One Thousand Scents

Friday, December 19, 2008

Three Princesses

I was in a mall a couple of weeks ago and I was in a mood, because Christmas is coming and, well, you know. I went into the big department store to look at the fragrance gift sets and said to myself, "I am not leaving without a sample of something." That's often a challenge at any time of year but even more so at Christmas, but as I said, I was in a mood, so I was determined to have something.

I saw a sample lying on a counter, picked it up, saw that it was Jessica Simpson's newest scent, Fancy, thought, "Oh, you have got to be kidding", and put it back down. Snooping around, I noticed a little stack of samples behind one of those plastic displays for some fragrance or other--a favourite hiding place of the sales clerks. I reached behind and picked up one of each of the two samples lying there, not taking any particular care to be sneaky, because why should I be? They're free samples, and I have as much right to them as anyone: I'm probably not going to buy them, but I might, and I'll get at least as much use out of them as anyone else, because I'll definitely wear them just to see what they smell like and I might even write about them.

A sales clerk who was helping another customer may have noticed what I was doing while she was helping another customer, because just as I was walking away from the counter, she came over to the general area of the plastic display and then (I think) gave me the old hairy eyeball. How dare I touch her samples! How dare I take them without asking!

I work in retail so I understand that attitude. You do get a proprietary feeling towards your stuff, and you hate it when customers touch it without asking. But if I'd asked if she had any samples, she would probably have said no, because I am a guy asking for samples in the women's fragrance department, and anyway they were just lying there, indifferently concealed: it's not as if I took her keys and opened the locked drawers behind the counter.
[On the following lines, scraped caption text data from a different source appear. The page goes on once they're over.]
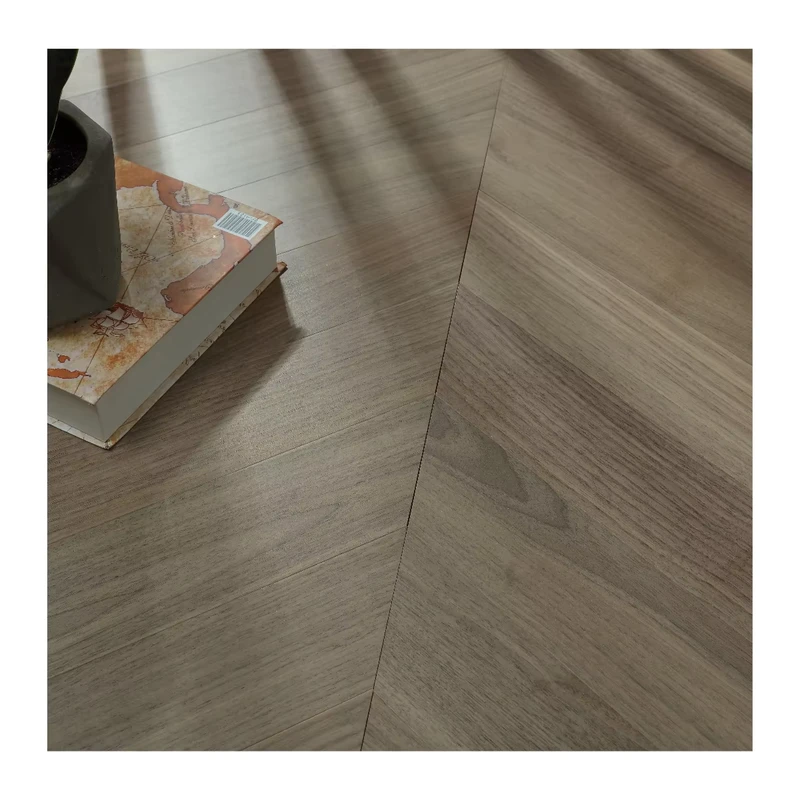 BLACK WALNUT Parquet Chevron Fish Bone Hardwood Engineered Wooden Flooring wood Flooring Parquet Walnut
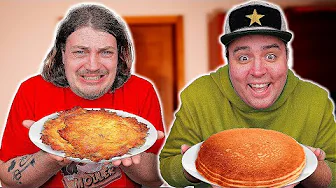 MOLBORG LAVER: Pandekager | Hvem Er Bedst?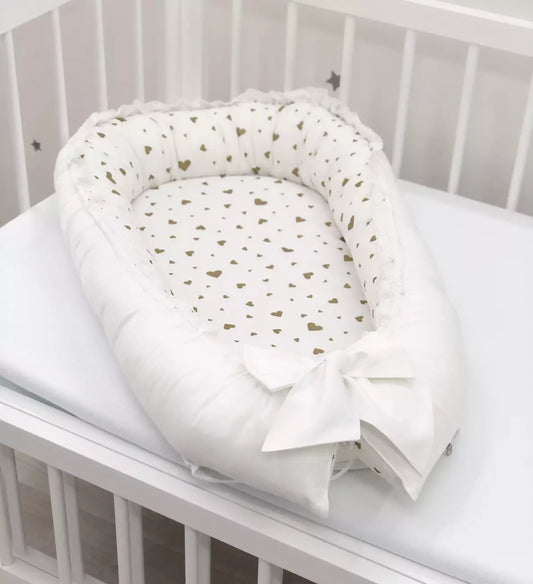 Baby nest “White”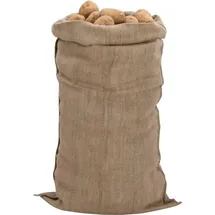 vidaXL Jutesack 100% Jute Braun 65 x 135 cm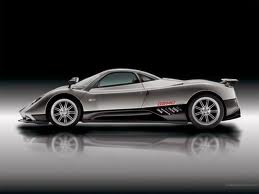 pagani zonda f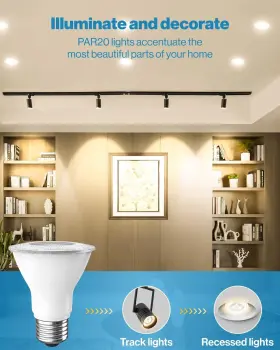 810000078684 SUNCO LIGHTING Pack Led Bulbs Dimmable #2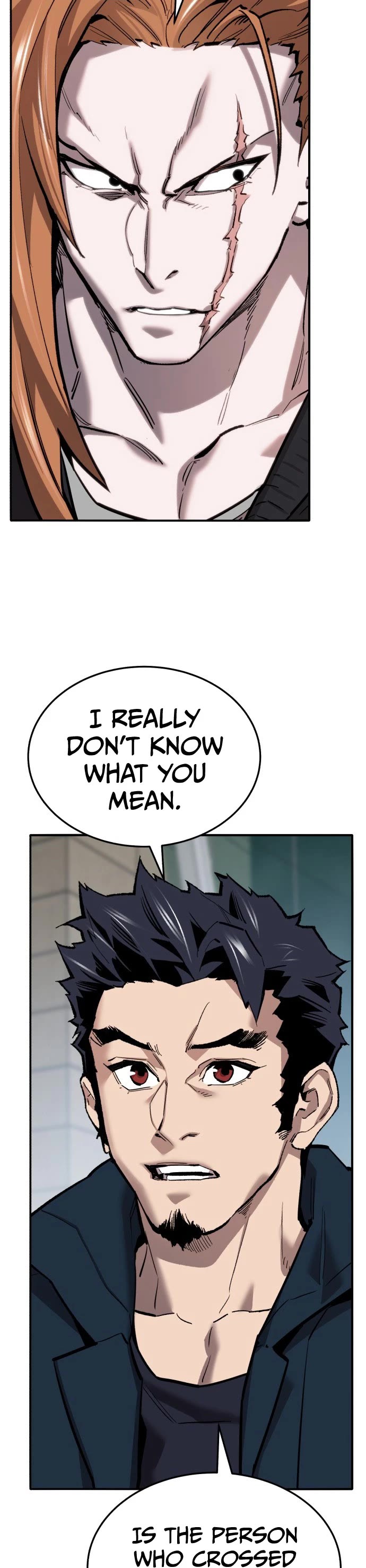 Limit Breaker Chapter 117 page 19 - Chapter 117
And then on the way out I picked up that sample of Fancy, just because, and so I ended up with three scents clearly aimed at very young women, with their princessy pink-and-purple colour schemes and their near-rococo ornamentation. And what do you know? One of them isn't terrible.

+

Inspire by Christina Aguilera lurches out of the bottle a big, lumbering white floral with fruity overtones (mango and citrus), and it stays a big, lumbering white floral (mostly tuberose and gardenia) for nearly its entire life. If you like white florals, this may the sort of thing you like, but you may also feel that you've smelled it before, and you have, only done better. If you don't like white florals, which I sure don't, this will strike you as yet another thick, bludgeoning tuberose scent. I can't help but think that this is a misfire, because the target audience for it must surely be young women who listen to pop music a lot, and the fruity-floral opening can't disguise the fact that this is awfully mature. Nevertheless, I would imagine that quite a few bottles of this have been sold on the strength of the celebrity's name.

+

Despite an almost comical attempt at some top notes, Anna Sui Night of Fancy (a follow-up to Flight of Fancy) consists almost entirely of a large block of creamy candy flavoured with artificial blueberry. It stays this way for a very long time. It's rather pleasant for a while, but it remains exactly as it for so long that eventually you just start to choke on it. The advertising and the name make it clear that this is supposed to be a sophisticated, evening sort of scent, but it's a twelve-year-old girl's idea of sophistication. The bottle, though, is exceedingly pretty, a Lalique-style fan stopper in the shape of a peacock atop a filigreed oblong full of luscious purple juice.

+
The sample card for Fancy by Jessica Simpson contains a quote putatively by Simpson herself: "This is a unique fragrance--personal, whimsical, playful and romantic. To me, Fancy is just that: fancy." So she's not using the word in the Anna Sui sense of "fantasy" or "imagination": she means something like...what? Highly ornamented? Classy? Whimsical? All I can say is that if this her idea of fancy, then she's even more vulgar than I thought.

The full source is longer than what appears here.